It is situations like this that redound ill for the integrity of the Church – portraying the alacrity with which Church bodies will bend over backwards to listen to the minority of people who still believe that anyone who sympathises with the LGBT community – either in the Church or the world – is automatically an enemy of Christ and The Church.
Sadly, the sin of bigotry is still in danger of preventing the process of enlightenment needed to clear away the dark clouds of institutional hypocrisy and sheer ignorance on matters of gender and sexuality – issues that presently threaten to split the Anglican Communion – along lines of conservative obscurantism versus those provinces of the Church that desire only to free us all from homophobia and misogyny.

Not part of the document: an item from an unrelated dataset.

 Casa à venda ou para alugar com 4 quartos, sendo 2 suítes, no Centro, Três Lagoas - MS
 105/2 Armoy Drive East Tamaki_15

That this particular appointment reversal has occurred in the USA should not be too surprising – given the fact that the GAFCON Provinces have been pro-active in their cultivation of reactionary links with schismatic Episcopalians in North America, who have moved out of TEC because of its innovatory polity of full and open acceptance of the Gay community. The U.S. still has its share of conservative, anti-gay, ‘christian’ communities; whose support – both financial and political – for anti-gay activists in the GAFCON Provinces of the Anglican Communion, has been a core enablement policy of far-Right conservatives hell-bent on driving LGBT people out of the Churches of the Communion.

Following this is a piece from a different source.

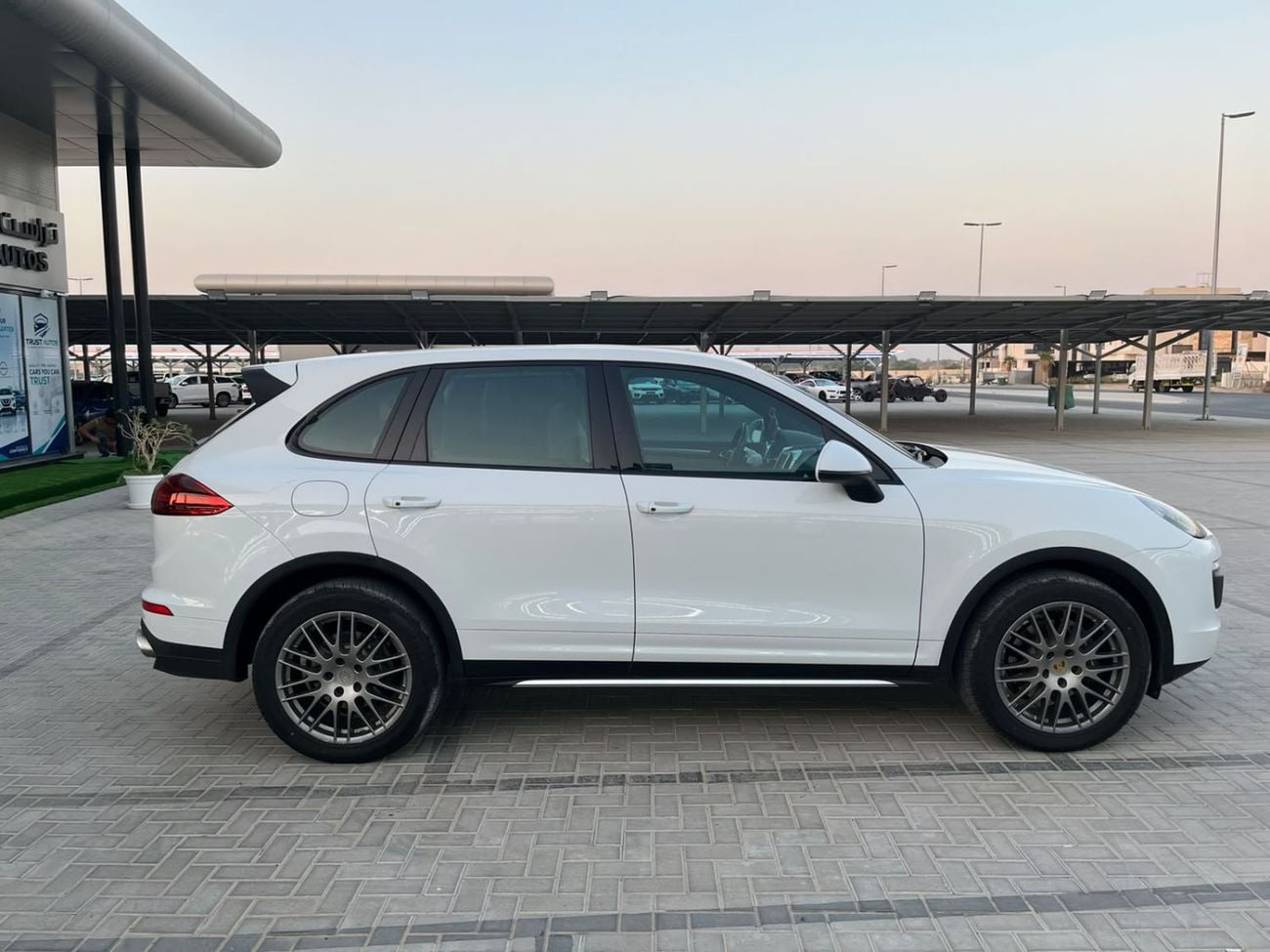 Porsche Cayenne STANDARD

But, one might ask, is not Bishop Tengatenga himself an African? The answer is Yes! But he is one of that rare breed of African Anglican Leaders (like Bishop Desmond Tutu) who actually believes that Gay people are fully human like everyone else – made in God’s Image and Likeness, deserving of respect and welcomed to share in the life and ministry of our Communion Churches. I doubt he would change his inclusive beliefs in order to secure this particular appointment.